→ What you need to do:
In the entries that follow, find the line containing "LINEN BLEND V-NECK T-SHIRT – image 3" and the line containing "Photo of the", then retype exactly the lines from the first through the second, pictures excluded.

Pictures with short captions
BEGIN

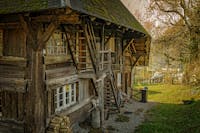 Traditionelles Haus Großjung am Abend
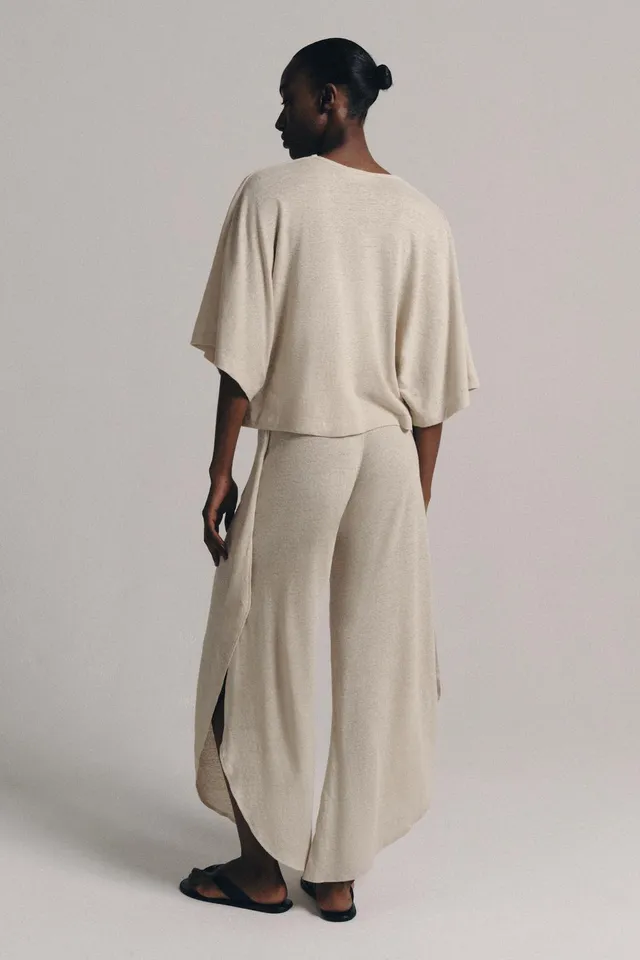 LINEN BLEND V-NECK T-SHIRT – image 3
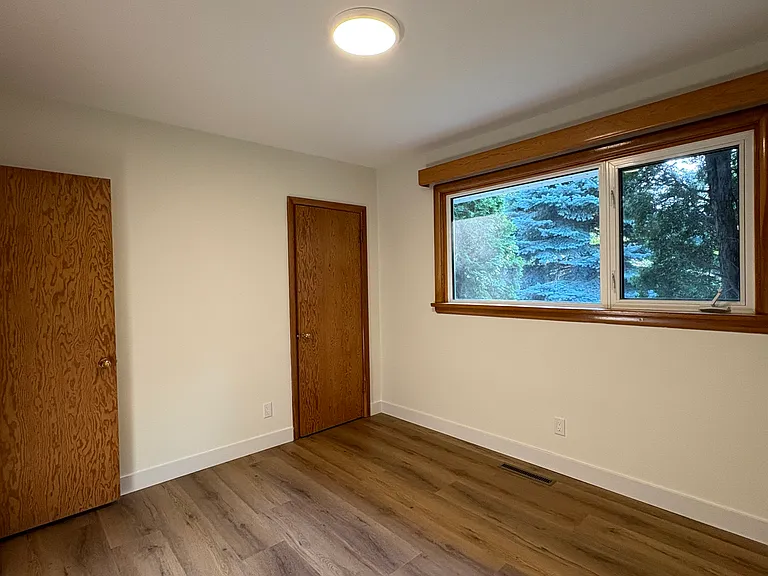 211 Strathmillan Rd — Photo 7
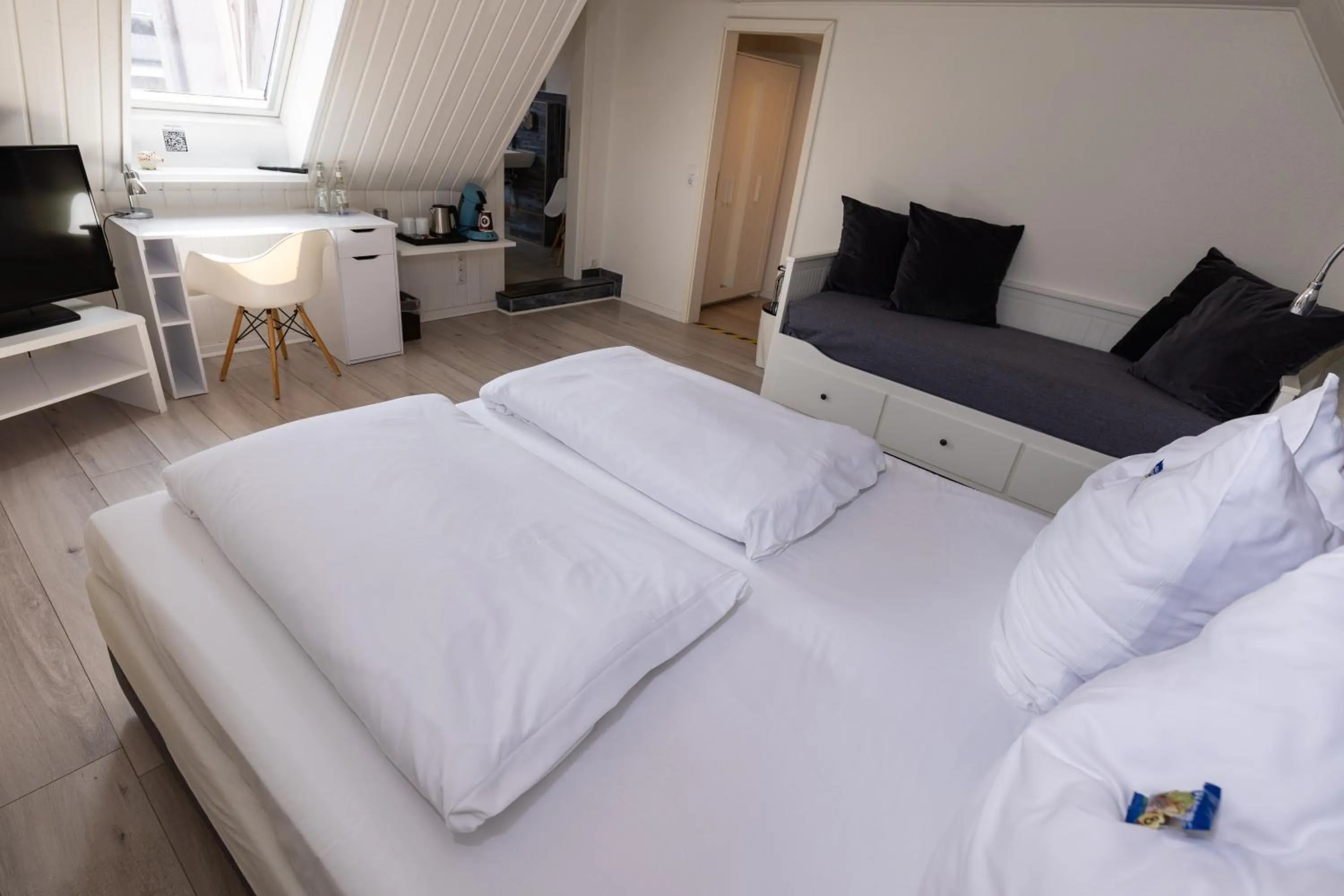 Photo of the whole room, Bed in Hotel Gasthof Handewitt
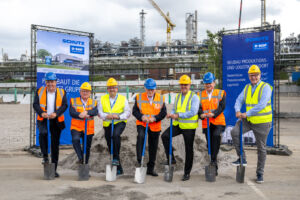Veit Enders, Member of the Board von Schütz, Prof. Dr. Klaus Blettner, Oberbürgermeister der Stadt Ludwigshafen, Helmut Winterling, President Europäische Verbundstandorte bei BASF, Udo Schütz, Founder of Schütz Group, Uwe Lohr, Senior Vice President Global Indirect Procurement bei BASF, Roland Straßburger, CEO von Schütz, Matthias Dohrn, President Global Procurement bei BASF (v.l.n.r.)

END

→ Exercise output:
 LINEN BLEND V-NECK T-SHIRT – image 3
 211 Strathmillan Rd — Photo 7
 Photo of the whole room, Bed in Hotel Gasthof Handewitt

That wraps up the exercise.